Hari keempat berpuasa kemarin saya sudah di bentara Jambi. Selepas maghrib saya segera ke masjid untuk taraweh bersama. Sambil duduk santai saya gelar Quran saya dan mulailah saya membacanya. Ketika tengah asyik membaca, datanglah seorang bapak dan segera menghampiri saya. Setelah bersalaman, langsung dia bertanya, ”Sudah sampai juz berapa?”
”Ya, Pak,” saya pura – pura tidak dengar.
”Sudah sampai juz berapa?” tanyanya lagi.

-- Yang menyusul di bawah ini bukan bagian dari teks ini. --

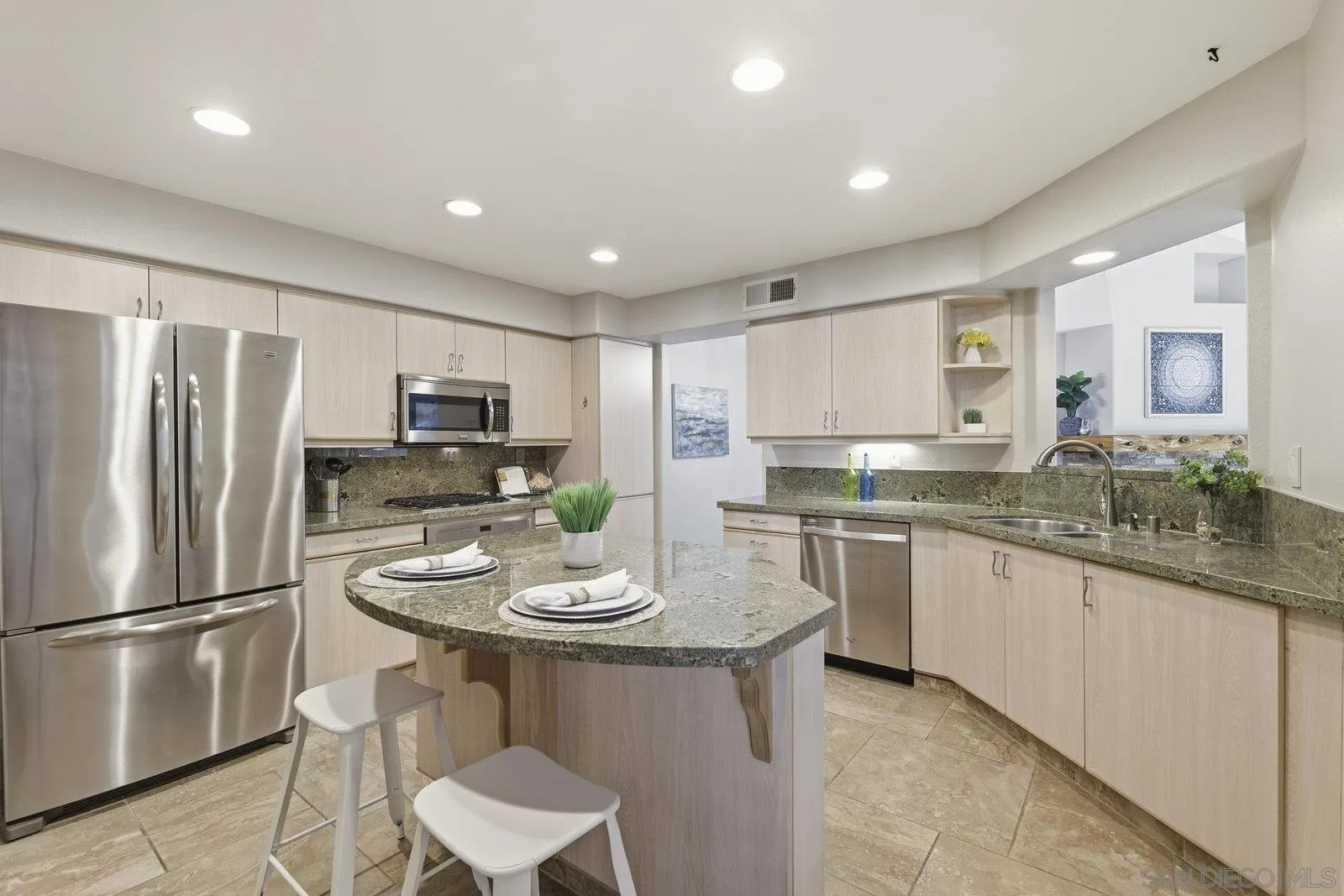 11908 Tivoli Park Row, Unit 7 San Diego, CA 92128 - Photo 13 of 34 a kitchen with stainless steel appliances granite countertop a sink a stove a refrigerator and white cabinets with wooden floor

Aku agak bingung, yang dia maksud itu yang di kelompok atau yang saya baca. Maka saya masih diam saja belum membalas. Kemudian dia mengulangi lagi pertanyaannya,
”Yang dibaca itu, sampai juz berapa?”
Pertanyaan itu jelas sekarang, tapi saya ragu untuk menjawab. Saya harus menjaga hati untuk tidak riya itu yang utama. Tapi melihat responnya yang begitu antusias, saya pun akhirnya menjawab, ”Juz 8 Pak.”
”Wah, saya baru Juz 4 lewat dikit,” dengan nada lemah dan kemudian pergi menjauh dari tempat duduk saya.
Kemudian saya istighfar demi melihat kejadian itu semua. Sebab saya tidak bermaksud melemahkan atau memadamkan semangat. Sebenarnya saya sungkan untuk menjawab pertanyaan seperti itu. Tapi dia mendesak. Dan kalau jawaban itu ternyata membuat sakit hatinya, tak ada gunanyalah menjawabnya. Dan nasi sudah menjadi bubur.
Sedulur, adalah baik fastabiqul khairat dalam semua ibadah. Akan tetapi yang lebih baik lagi jika bisa mengiringi semua itu dengan niat yang benar karena Allah. Nggak sakit hati, nggak mematahkan semangat.